Curieux objet théâtral que cette création de la metteuse en scène italienne Silvia Costa. Initialement présentée en 2020, le spectacle aura souffert de deux reports. 2022 a fini par lui laisser sa chance. L'artiste plasticienne prend comme point de départ Comédie de l'irlandais Samuel Beckett pour clore avec Wry smile Dry sob - que l'on traduirait par Sourire ironique Sanglot sec - sa propre création.

La première partie s'ouvre sur des visages. Oui, des visages seuls. Le projecteur se concentre sur cette partie du corps. Comme des portraits encadrés dans un cadre ovale. Deux femmes - Clémentine Baert et Carine Goron -, un homme - . Selon le personnage qui s'exprime, le visage est mis en lumière. On imagine aisément des comédiens condamnés à être statiques - Beckett lui-même les imaginait dans des jarres -. Seuls les traits du visage s'intensifient au gré de l'exercice d'articulation. Puis les visages que l'on voyait de face passent de profil en silence.

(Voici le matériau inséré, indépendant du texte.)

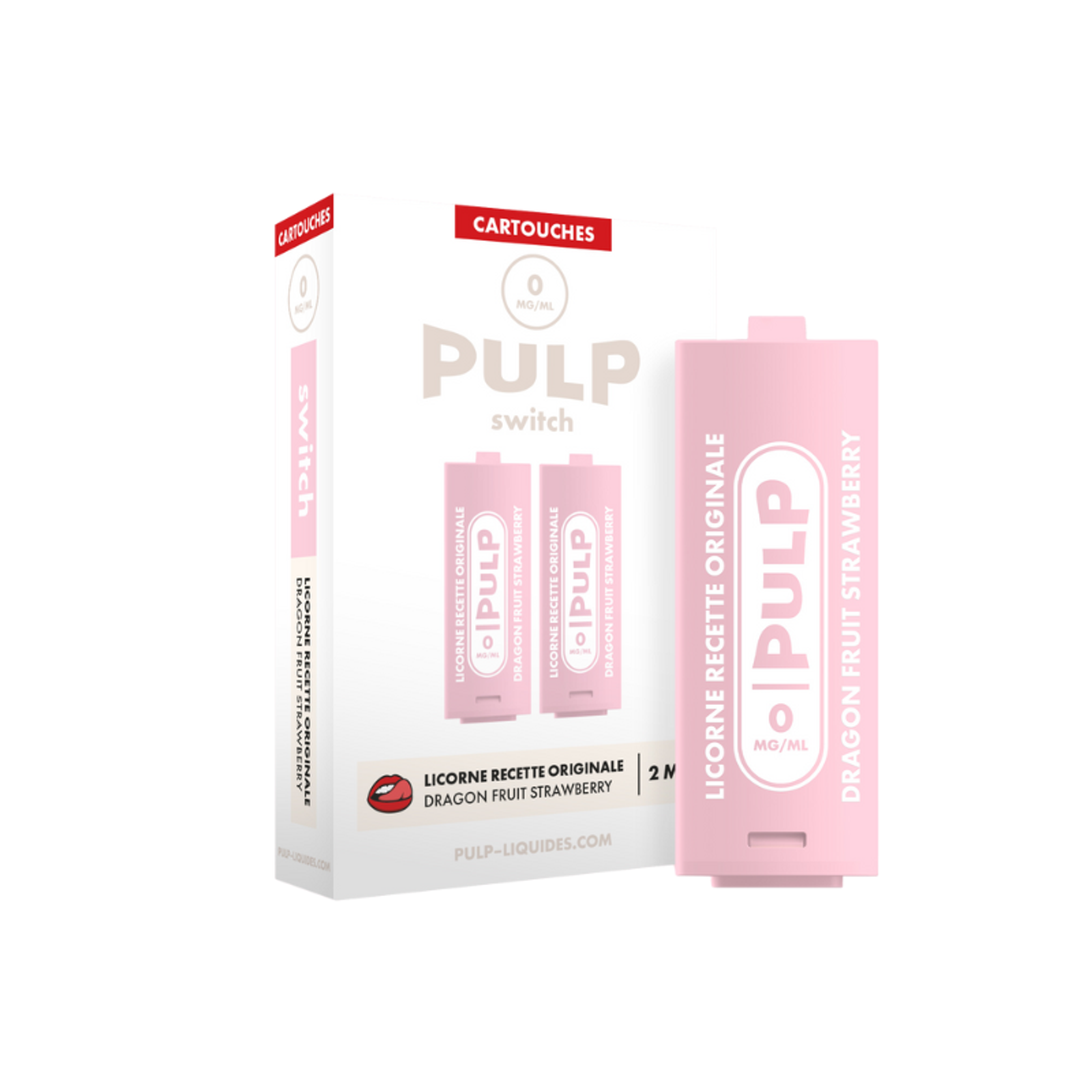 PACK DE 2 PODS SWITCH 2ML 20MG PULP-7.jpg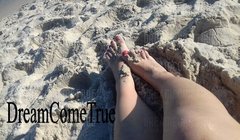 Na początek troszkę wspomnień ;)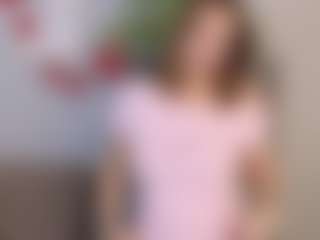 HarleeJeffery's Live Sex Cam Show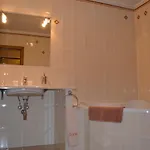 Hotel Complex Bahus *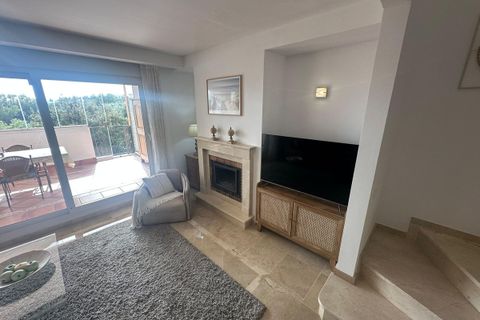 Byhus i Cabopino, Malaga, Cabopino - € 539.000 | Ref: CDS5365018-FO - foto 3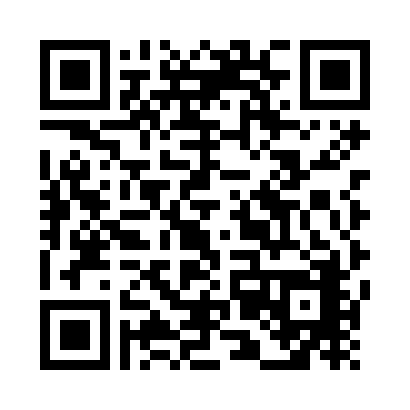 QR Code for this sheet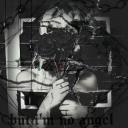 💀🖤Loser Club🖤💀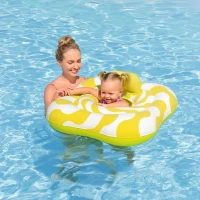 6941607368435-Salvagente Mutandina Bestway Swim Safe ABC ComfortPlush 79 x 79 cm
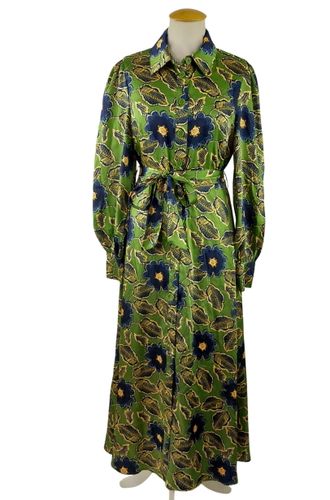 Robe - MONOPRIX - 36 - Monoprix - Modalova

Les comédiens signent une performance complète recentrée sur le langage et l'absence de sens. 

Pour Wry smile Dry sob, on oublie le verbe pour se concentrer sur les corps jusqu'ici cachés. On retrouve le même duo de comédiennes, la figure masculine est aussi présente mais elle tourne le dos et d'autres danseuses - il est tentant de dire contorsionnistes ; Clémence BouconFlore Gaudin et Garance Silve - les rejoindront. Le décor est posé au centre : une salle à manger dans laquelle une table est garnie d'aliments laissant penser que l'action se déroule de bon matin à l'heure du petit-déjeuner, un bar boisé, une armoire côté jardin. Côté cour, une chambre à coucher. Les deux protagonistes féminines sont assises. Leurs mouvements sont presque symétriques. 

Aucune voix, de légers bruissements sonorisent l'espace. Les personnages se déplacent lentement, étrangement. Il n'y a rien de foncièrement normal ou encore particulièrement rassurant dans cet environnement si ce n'est le décor. Silvia Costa transporte les spectateurs dans un monde frôlant le cauchemardesque - la création sonore finale laisse imaginer le pire -. C'est d'ailleurs ce qui fait la force de ce spectacle qui s'inscrit dans la suite presque logique de Comédie. Sensation permanente d'illusions d'optique, le spectateur doit se concentrer sur tout ce qui peut surgir des différents éléments du plateau.   
Silvia Costa livre une création énigmatique, hautement visuelle et particulièrement brillante.